A few months ago, we were treated to “Coda,” the mid-season finale of AMC’s The Walking Dead. It was heartbreaking, but it was also wonderfully done. And the final few minutes (Beth’s death; Maggie’s heartbreak; Hell, everybody’s heartbreak!) drove home the feeling of helplessness. If the walkers don’t get you, somebody else probably will.
Note: There are definitely spoilers throughout this review, so you may want to stop here and return after watching the episode.

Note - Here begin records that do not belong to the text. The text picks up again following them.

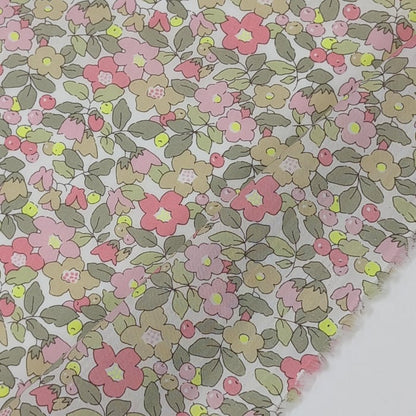 リバティ・ファブリックス　タナローン　Betsy Berry　ベッツィ・ベリー　イエローネオン　約108×50cm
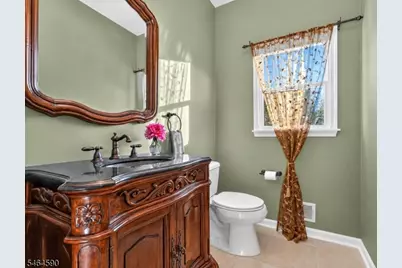 8 Chaucer Dr, Clinton Township, NJ 08801 - Photo 17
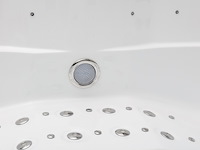 Outdoor spa vonato, tovario, wit bad / naturel houten kleur zijkant - afbeelding 26 van  27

I’ve made no bones about my affection for Tyreese, The Big Man (Yes, I put his nickname in caps!). Chad L. Coleman brought morality to the character. He brought a strength of conviction. Yet I hated the corner they boxed him in. Who is they? Producers, writers, directors, or whoever had the power to move Tyreese from the little box they were slowly building around what should have been an amazing character.

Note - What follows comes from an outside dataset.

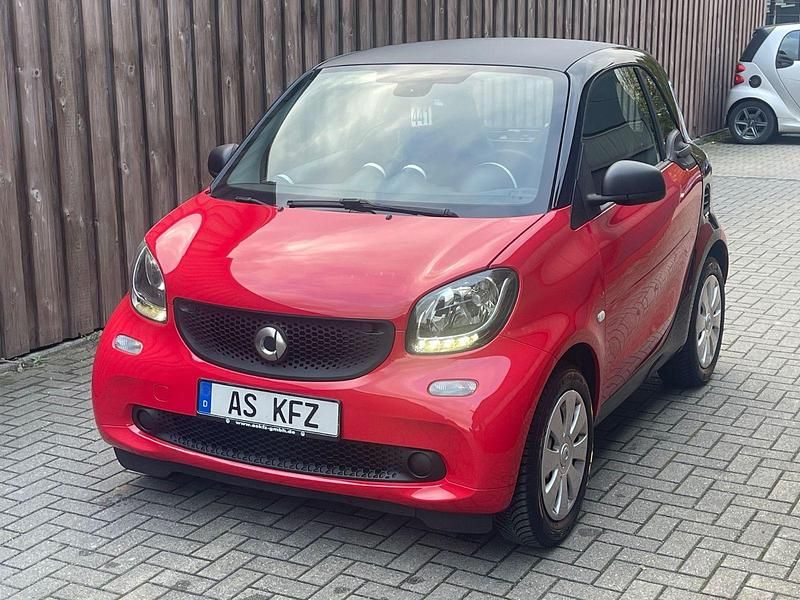 Rot Gebraucht 2015 Smart ForTwo Coupé Coupé | 10.490 € (Etwas zu teuer) - Bild 1/4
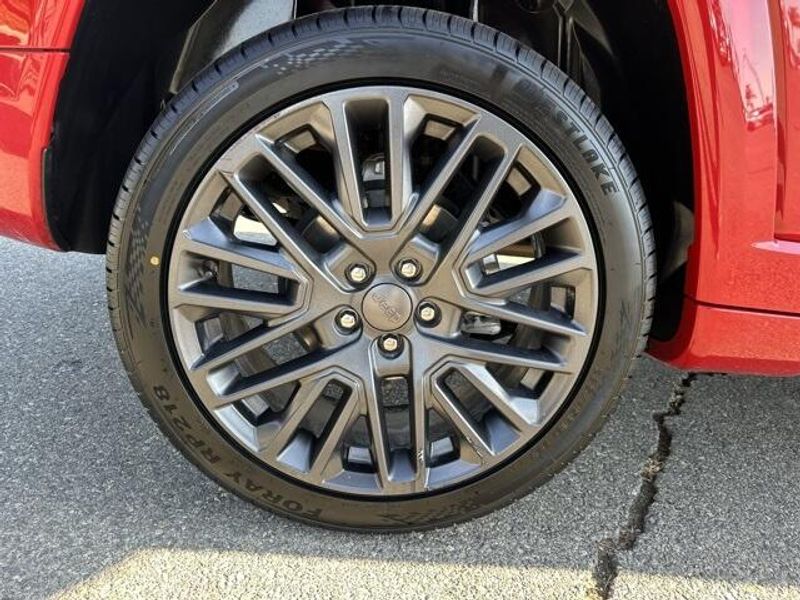 Used 2023 Jeep Compass LimitedImage 14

Rick is the leader. Michonne and Darryl are the enforcers. We needed someone that had the power and presence to bring a moral compass to their group. For a time it was Hershel (played with a wonderful strength by Scott Wilson), and it worked for one simple reason – his age. He was older, wiser, had seen and done more, and for that reason (also because he was awesome), we all bought him as the group’s collective conscience. When The Governor (rat bastard piece of crap!) killed Hershel, someone needed to step up and take his place. That someone should have been Tyreese. He was big, strong, and had proven he could fight, yet he had a heart. He protected Judith, Lizzie, and Mika, and he showed strength of character when he forgave Carol for killing Karen, the woman he loved. He took down hordes of walkers by himself, yet he spoke so softly and tenderly to Sasha after she lost Bob. This is the man that should have been a leader, a guide.
But then they boxed him in a corner. Seeing what Lizzie became broke Tyreese. He went through the motions, but he had given up. We thought he killed that creepy Termite, Martin, that threatened Judith, but we later learn he didn’t. Even threatening innocent Judith couldn’t bring him to kill. Even that didn’t show Tyreese that sometimes being the good man means doing bad.

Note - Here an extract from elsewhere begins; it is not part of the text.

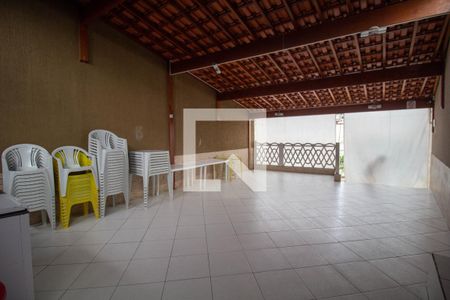 Casa de condomínio à venda com 65m², 2 quartos e 1 vaga Casa de condomínio à venda com 65m², 2 quartos e 1 vagaÁrea comum - Salão de festas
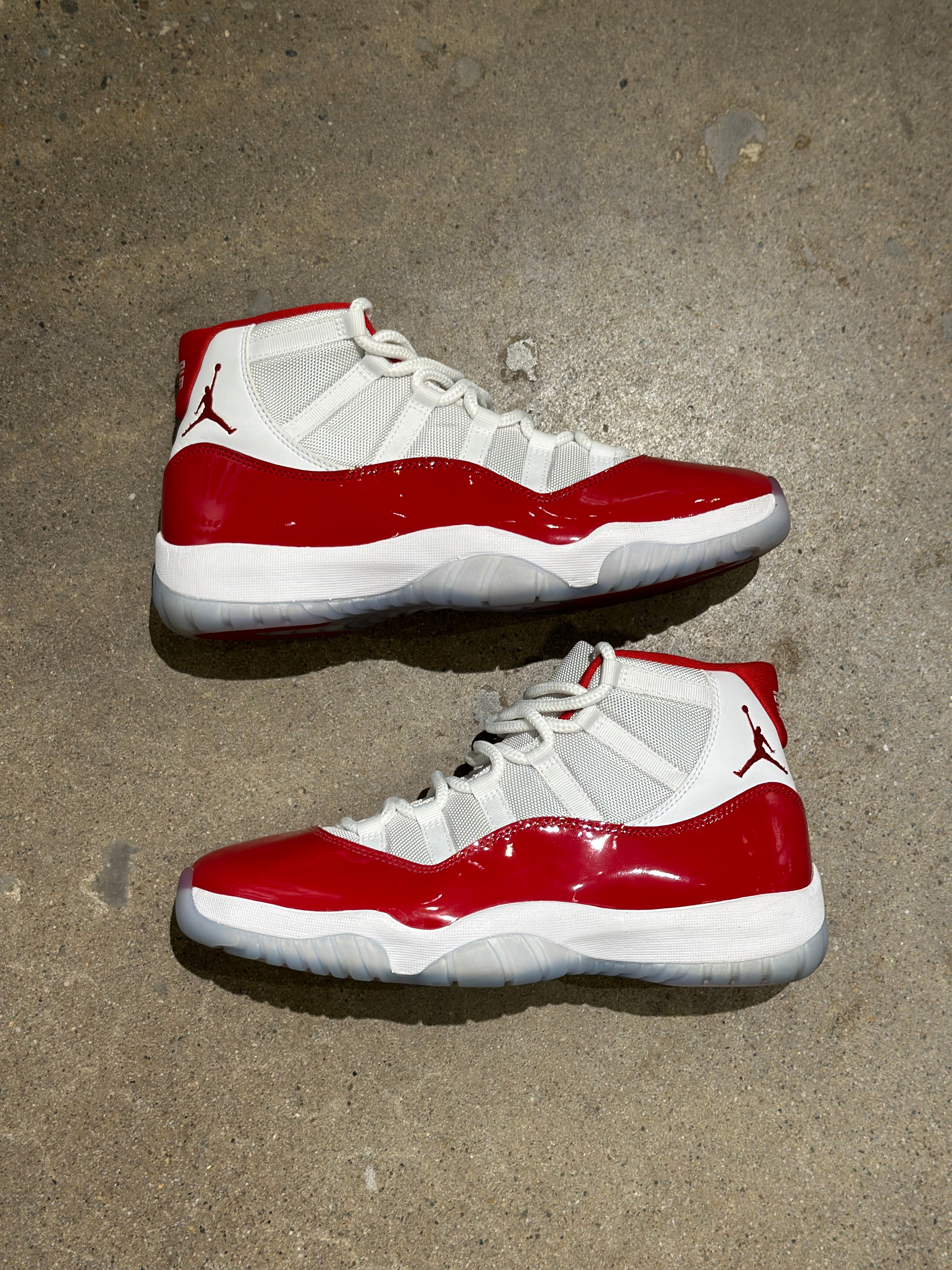 Jordan 11 Retro "Cherry" (2022) (Pre-Owned)Sz 10.5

And despite my continued frustrations with The Big Man, I thought this was leading up to some big redemption – some big moment that would allow us to see him wake up and become the man he should be.
In this mid-season premiere, “What Happened and What’s Going On,” there were a few moments when I thought we would get that redemption. Possibly when Noah, looking lost and alone without Beth, collapsed in the street after seeing that his old neighborhood had fallen. But wait? Perhaps we did. It was Tyreese’s words that made Noah get up, that made him take a step forward. Sure Noah quickly ran off, but it only was because he wanted to see his home. And when they got there… well, I was still hoping for that moment for Tyreese.
But it never came.
I should go ahead and say that this episode is pretty much all about Tyreese. Sure, Michonne, Rick, and Glenn are with him for a while, but they run off to loot the neighborhood. They’re too busy fussing about where they are going to go next. Michonne is all for shoring up the neighborhood, but Ricks says no… blah, blah, blah. The rest of the crew stayed at a camp a few miles away. And of course, Noah is a mess. So really the focus is Tyreese. I’ll also say that the artsy feeling at the beginning of the episode threw me off, and at first I didn’t like the feel…. more on this in a bit.
Back at Noah’s we see a woman laying dead on the floor. I assume it’s Noah’s mother. And kudos to Noah for going to her, placing a blanket over her, and giving her that last bit of dignity. But there is a scratching… and Tyreese hears it. He makes his way to the back of the house, and we see two small feet shuffling behind a door with that telltale walker hissing. I think images like that always grab The Husband for a minute. But for me it was the other room. On a small twin bed is a young boy, still dressed in what I imagine are his favorite jeans and the sneakers he loves. Being the mother of five boys, images like this always tug at my heart.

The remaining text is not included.